RECORDS TO USE:
=====

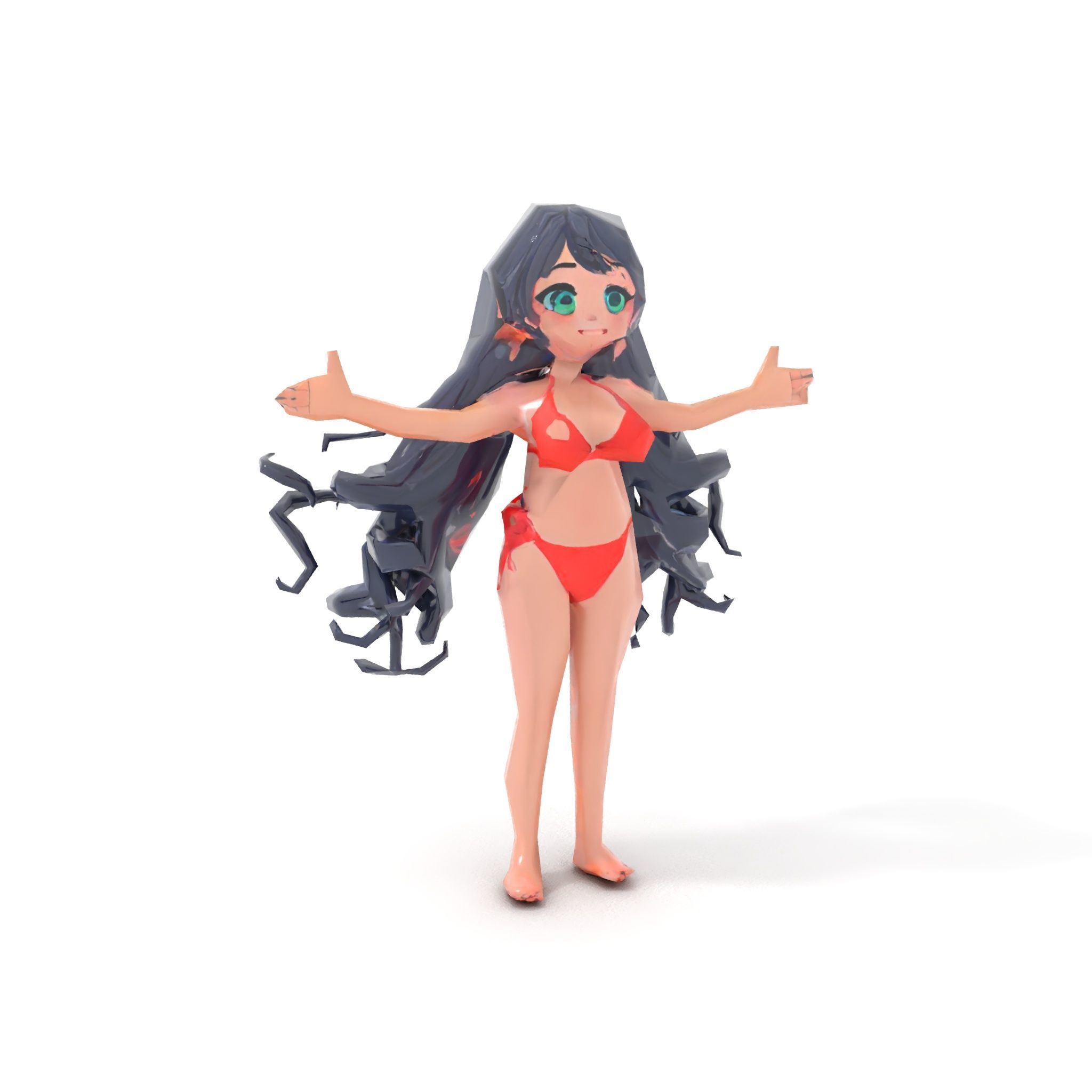 Rigged and Animated Anime Beachwear Character Model Low-poly 3D model_14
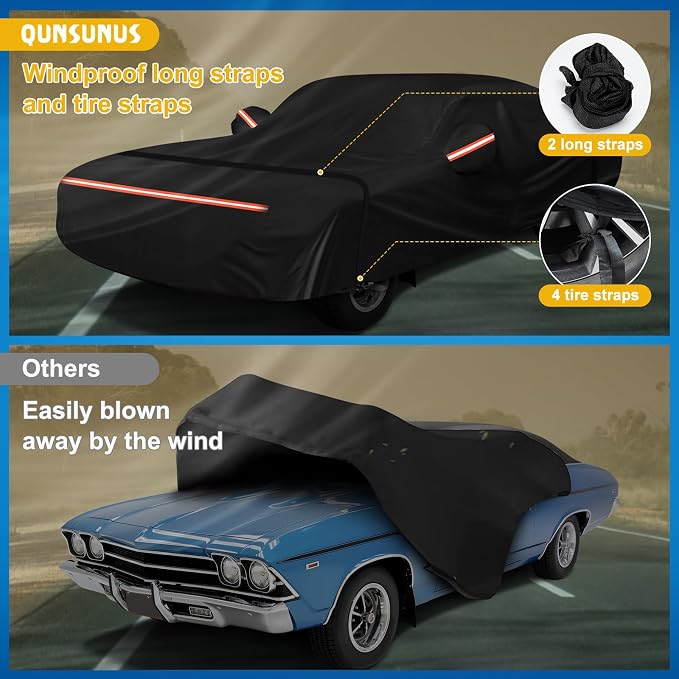 QUNSUNUS Waterproof Car Cover for Chevelle Malibu SS Sedan/Coupe 1964-1972 - Image 4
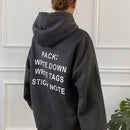 Dazy sudadera con capucha de franela holgada con estampado de lema, de hombros caidos, para mujeres, otono/invierno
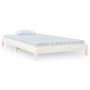 Weißes Stapelbett aus massivem Kiefernholz, 100 x 200 cm von vidaXL, Betten und Lattenroste - Ref: Foro24-820388, Preis: 125,...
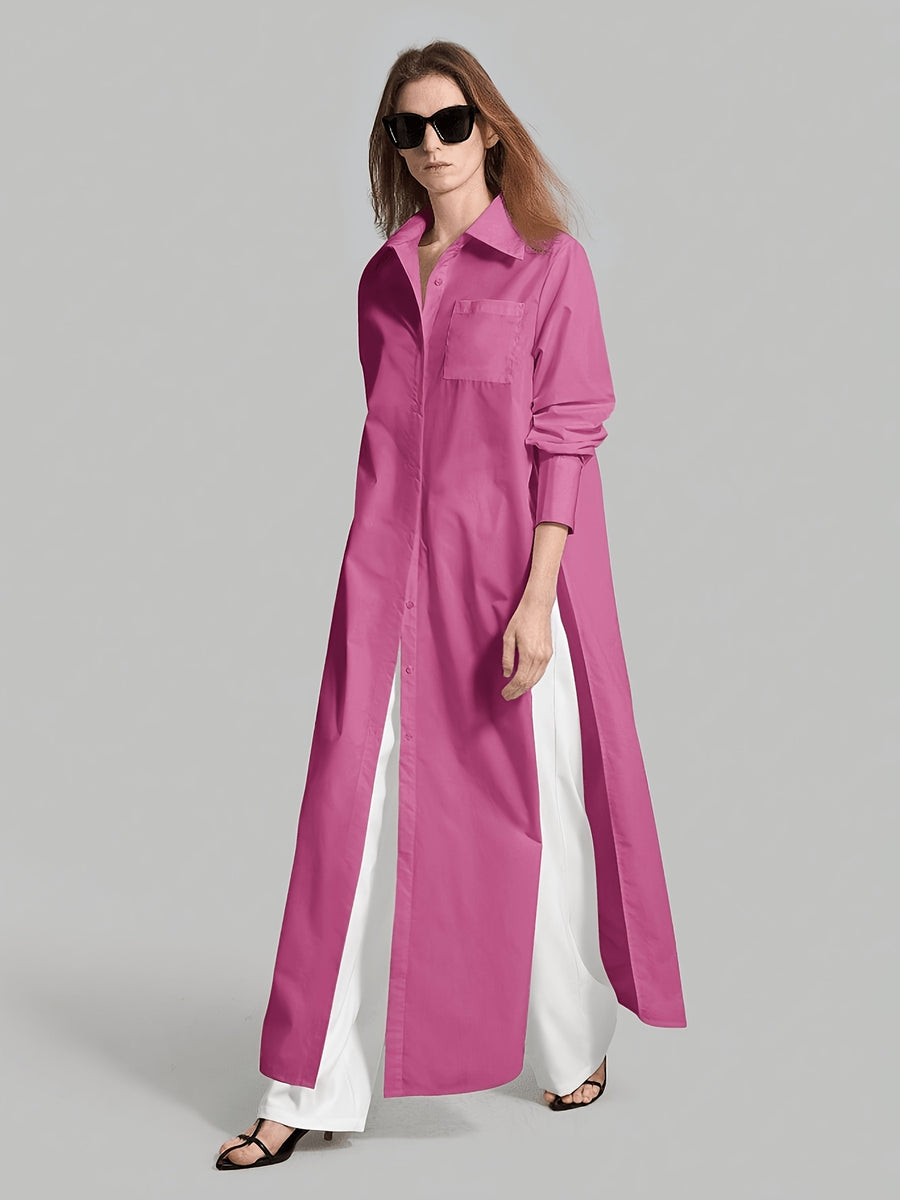 Women's Beachwear | Holiday Outfits | Country Style | Women's Solid Color Long Sleeve Single-Breasted Button-Up Shirt with Slit Hem, Suitable for Country Music Festivals, Urban Commuting | Office Business Casual | Elegant Top, Women's Formal - The color of rouge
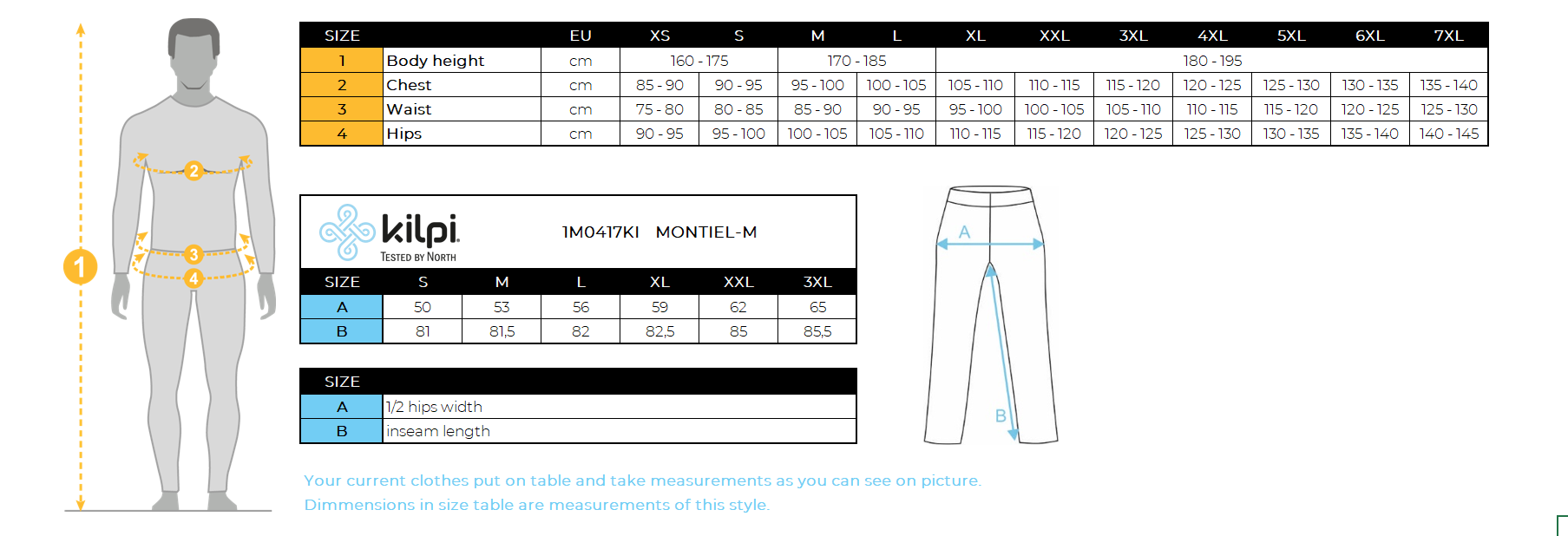 UOMOi pantaloni della tuta di cotone Kilpi MONTIEL-M – Size chart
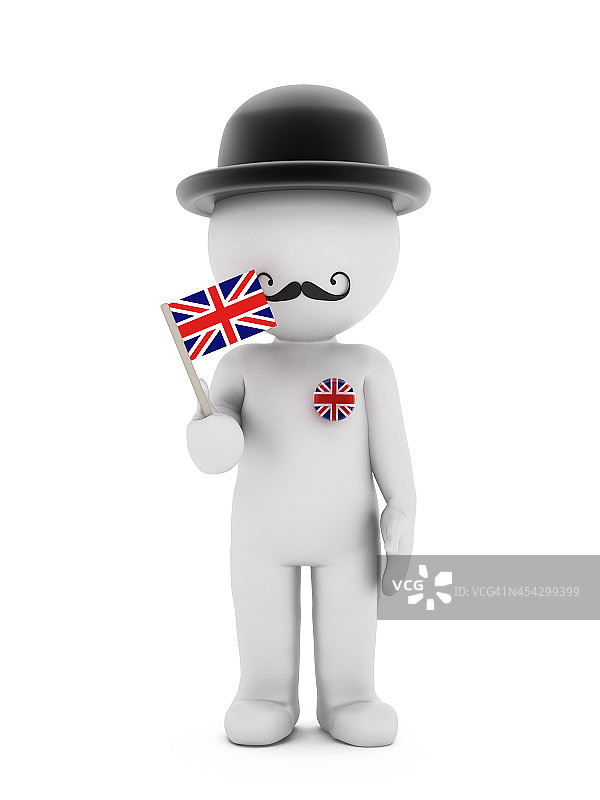 男人拿着一面英国国旗图片素材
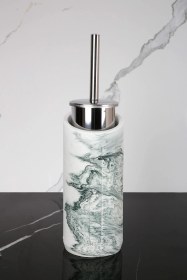 Resim 2 Parça Dekoratif Beton Tuvalet Fırçası Metal Wc Fırçalığı Beyaz - Yeşil 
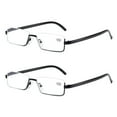 thumbnail image 1 of 2PK Men Half Metal Frame Reading Glasses Blue Light Readers for Small Head Face, 1 of 9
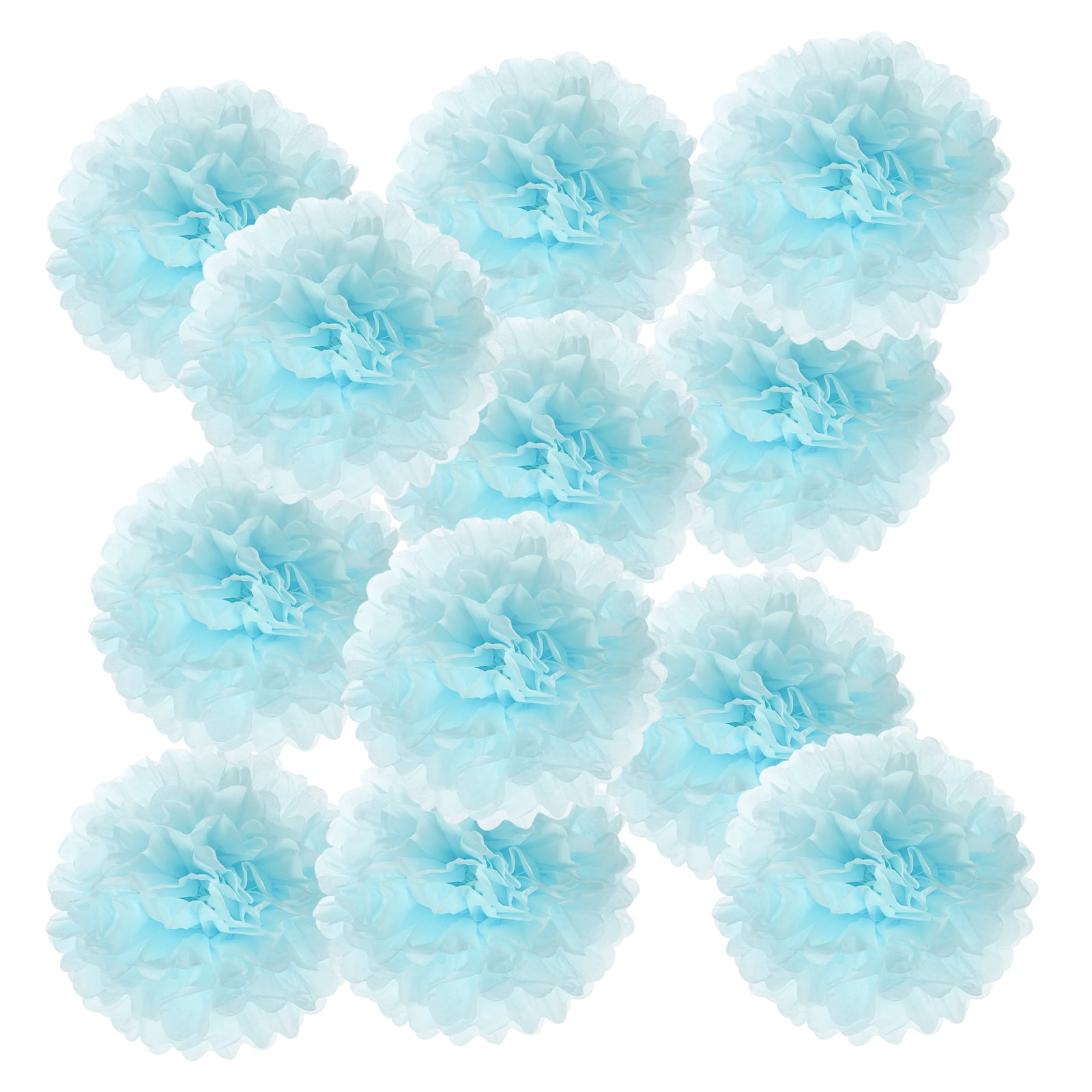 14inch Tissue Paper Pom Poms, 12PCS Pom Poms Paper Flowers Ball Tissue Paper Flowers for Wedding Bridal Shower Birthday Bachelorette Party Backdrop Decoration, Light Blue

=====

EXERCISE DETAILS: Working from the data above, repeat exactly, and only, the lines that begin at the line containing "QUNSUNUS Waterproof Car" and stop after the line containing "Dazy sudadera con"; pictures are not copied.

EXERCISE SOLUTION:
 QUNSUNUS Waterproof Car Cover for Chevelle Malibu SS Sedan/Coupe 1964-1972 - Image 4
 Dazy sudadera con capucha de franela holgada con estampado de lema, de hombros caidos, para mujeres, otono/invierno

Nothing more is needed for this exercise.